La modalità di intrusione segue uno schema ormai collaudato nel cybercrime. Tutto parte da comunicazioni ingannevoli, email o messaggi che simulano segnalazioni di violazioni del copyright o richieste di verifica dell’account, attraverso le quali le vittime vengono indotte a inserire le proprie credenziali. Ottenuto l’accesso, i truffatori estromettono i titolari legittimi e prendono il pieno controllo dei profili, trasformando la rubrica dei contatti in un vero e proprio “asset” da sfruttare.
Il danno, in questi casi, non è solo economico. Per i professionisti coinvolti il rischio maggiore è quello reputazionale: clienti e contatti, ricevendo richieste di denaro apparentemente autentiche, possono dubitare dell’affidabilità del mittente, con conseguenze dirette sull’immagine e sulla fiducia costruita nel tempo.
Il commissariato di Avezzano, dopo aver raccolto le segnalazioni e riscontrato la serialità degli episodi, ha attivato le procedure investigative sui sistemi informatici utilizzati per gli attacchi. Le prime verifiche farebbero pensare a operazioni riconducibili a gruppi criminali operanti dall’estero, circostanza che rende le indagini più complesse e richiede il ricorso a strumenti come la rogatoria internazionale per l’acquisizione di atti e prove fuori dall’Unione europea.

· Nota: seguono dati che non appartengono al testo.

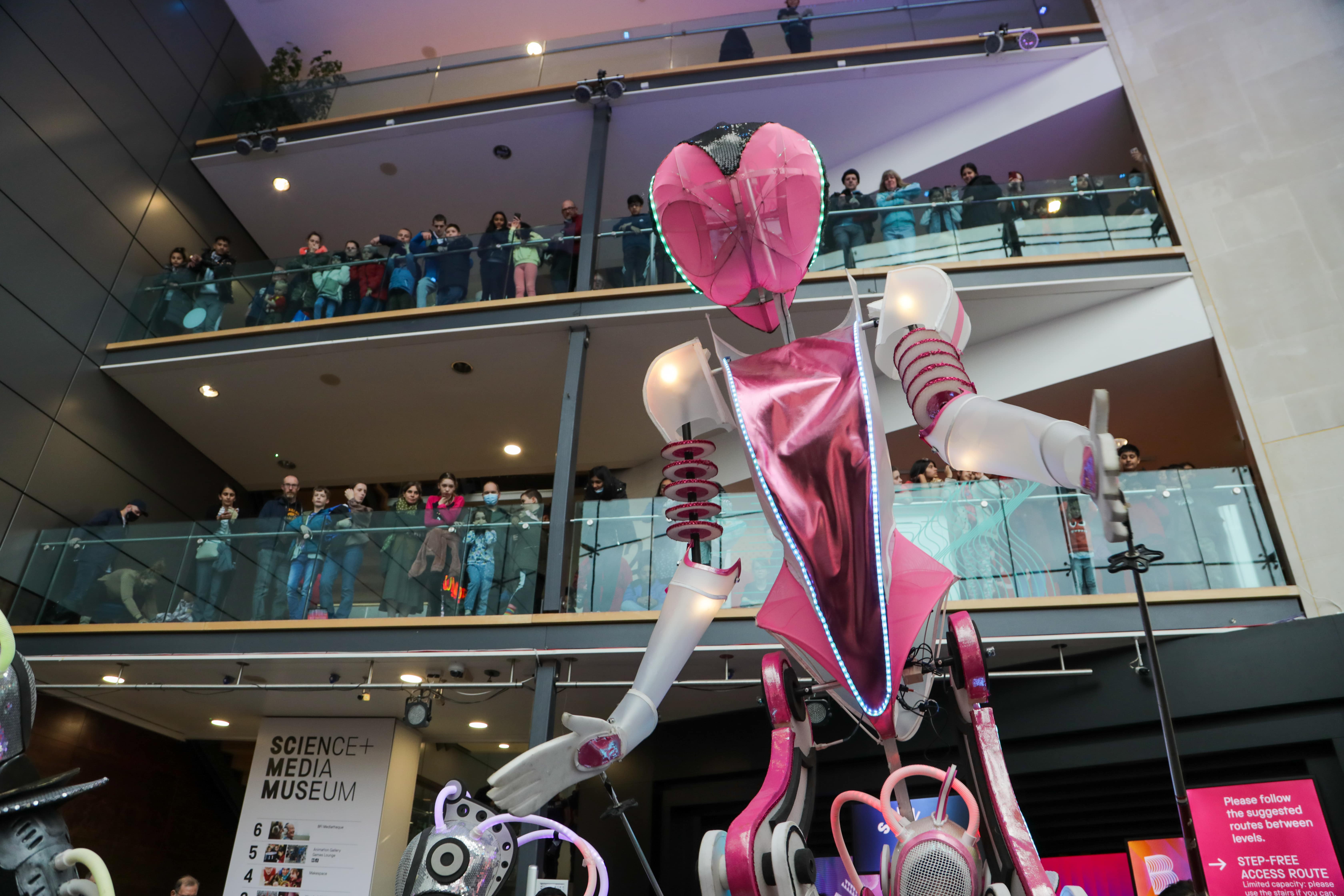 A giant pink and white puppet looms large in the foyer of the National Science and Media museum, with people looking down from the balconies.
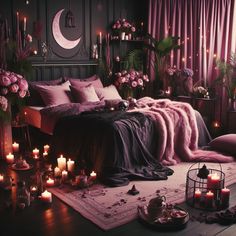 a bedroom with candles and flowers on the floor next to a bed covered in pink blankets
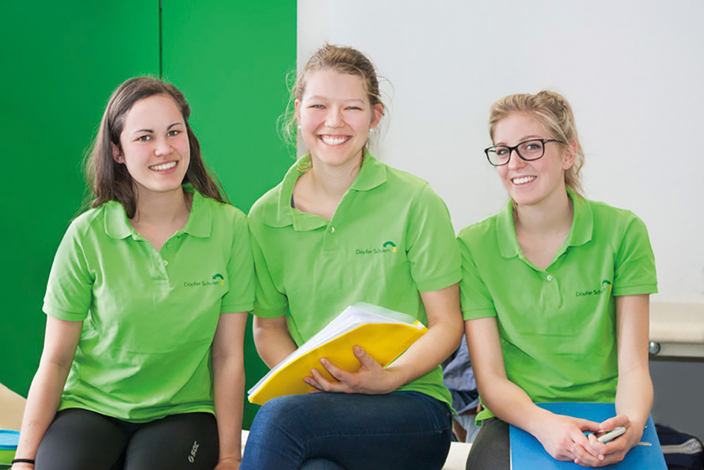 Drei junge Menschen in grünen Poloshirts mit Schullogo lächeln in die Kamera Drei junge Menschen in grünen Poloshirts mit Schullogo lächeln in die Kamera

Il fenomeno, secondo le prime stime, non sarebbe isolato: nelle ultime ore sarebbero stati migliaia i tentativi di truffa messi in atto con lo stesso meccanismo, a conferma di una strategia organizzata e su larga scala che impone massima attenzione e una gestione sempre più strutturata della sicurezza digitale, soprattutto per chi utilizza i social come canale professionale.